“I lit three candles and stood awhile, to let my eyes accustom themselves to the dim light. There was everything, just as the last Bronze Age man had left it, three to four thousand years before. A light brownish dust covered all… There beads of stone, bone implements made from Red Deer antlers, and many fragments of much decayed pottery. On little raised recesses in the wall were flat stones, on which reposed the calcinated bones of young children.”
– Robert Lloyd Praeger(one of the three men to first reopen the tombs)

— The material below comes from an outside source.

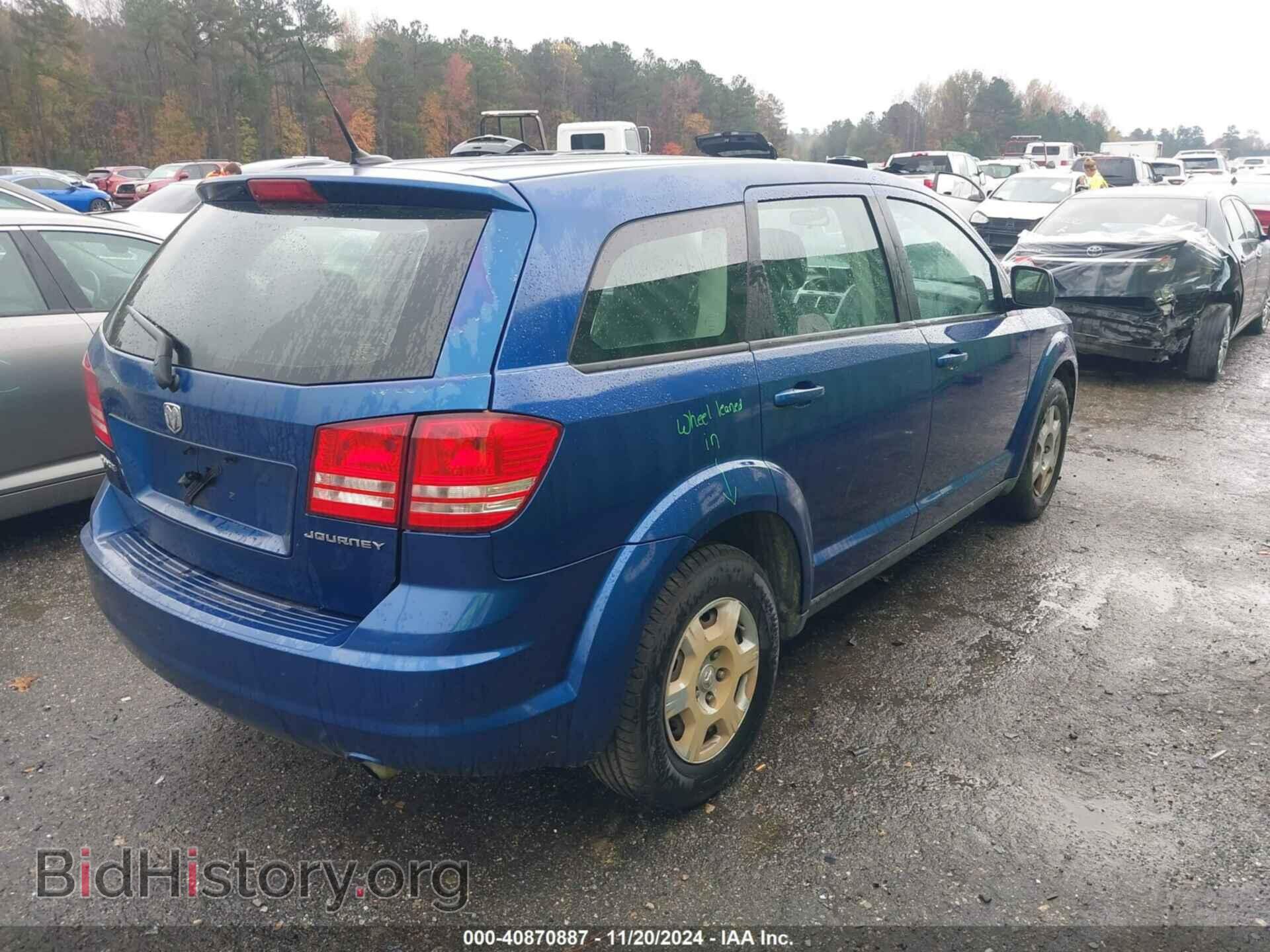 2010 DODGE JOURNEY - VIN: 3D4PG4FB6AT262218 - Фото 4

Carrowkeel predates the pyramids and if that isn’t enough reason to go visit these beautiful passage tombs then I will try give you several more now. The Carrowkeel complex is spread out over quite an expansive area and contains 14 passage tombs and cairns. Sadly on the day of my visit I simply didn’t have time to go and see all the ruins in the area due to weather conditions and very little knowledge of the site before my visit. I knew it was built around 3200-2400BC and that the possible remains of a neolithic village was found nearby. The passage tombs are relatively untouched in many ways though the first excavations carried out in 1911 caused quite a substantial amount of damage.

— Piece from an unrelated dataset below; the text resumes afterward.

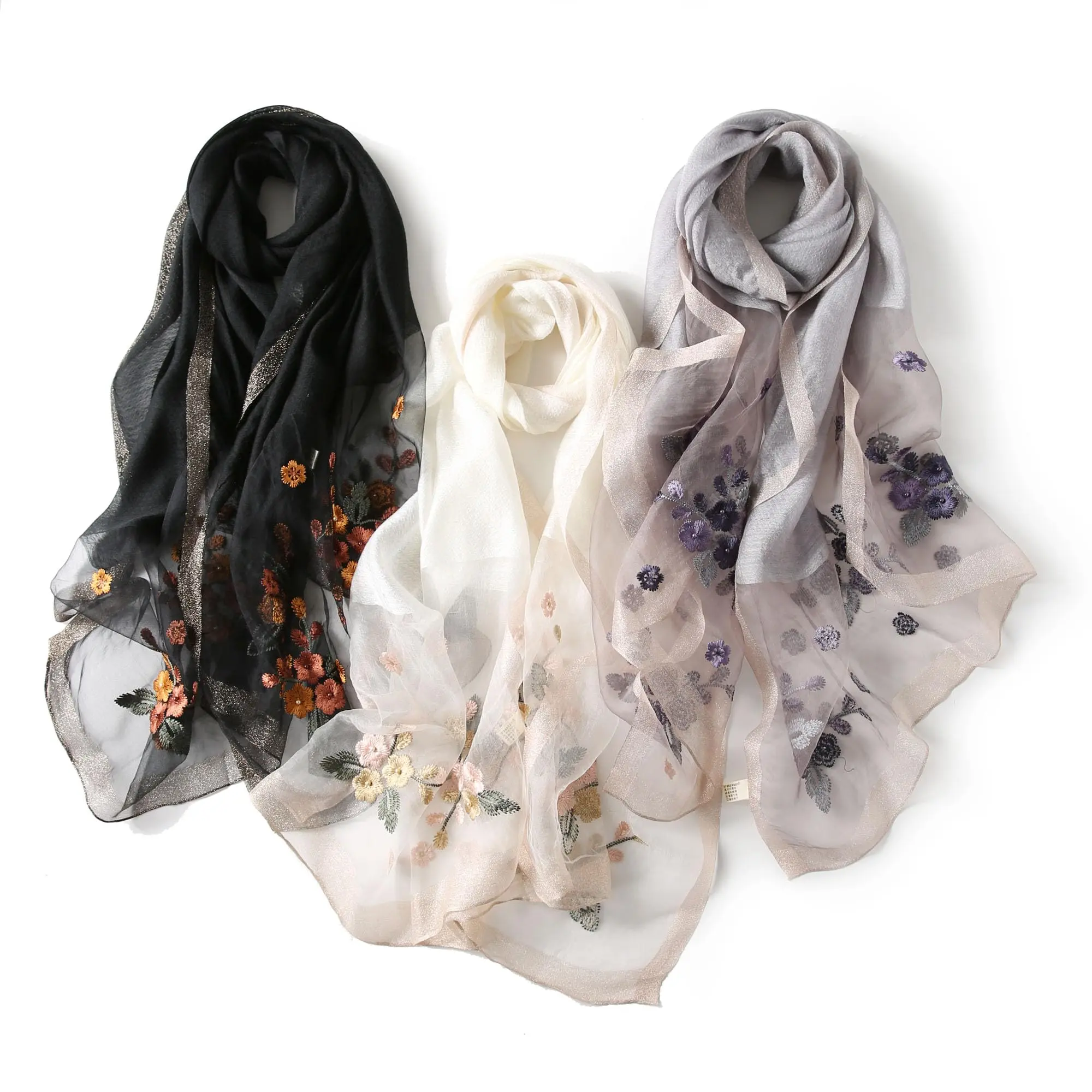 The Pearl Blossom Shawl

Carrowkeel is located in the Bricklieve Mountains in County Sligo. Its one of the largest tomb complexes in Ireland along with Brú na Bóinne, Lough Crew and Carrowmore. The day of my visit was overcast and blustery, and as I began my ascent up the mountain it helped to add to the atmosphere. There wasn’t a single other soul there and my mind began playing a couple of tricks on me and I experienced some pretty strange sensations. It seemed fitting that the ancient Celtic festival of Samhain was just days away when I visited three of the cairns at the end of October 2012. As I trudged through the boggy earth up towards the first cairn I got images of how haunting and peaceful this place must have seemed to our ancestors as they brought their loved to be buried in these tombs.

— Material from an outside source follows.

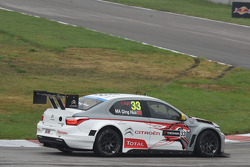 Ma Qing Hua, Citroën C-Elysee WTCC, Citroën Total WTCC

As I reached the first cairn the wind kept on rising in ferocity, the rain too got colder and heavier. I had already experienced the strange sensation of someone following me as I walked up the stretch from where I had parked, my mind had begun to drift off to a couple of things in my own life that I wanted to leave behind on that mountain. There had been one or two thoughts and memories plaguing my mind in the weeks leading up to my visit and it felt like they came to some sort of conclusion on the side of that mountain. I entered the first cairn and sat down staring out across the mountain through the lightbox that is aligned for the summer solstice. The wind created a hum as it circled the mound and I sat there for fifteen minutes giving myself a brief respite from the cutting rain. As I left the mound I circled around it and headed up to the next cairn, I wasn’t able to enter this cairn but circled around it before heading to the last tomb I was to visit that day.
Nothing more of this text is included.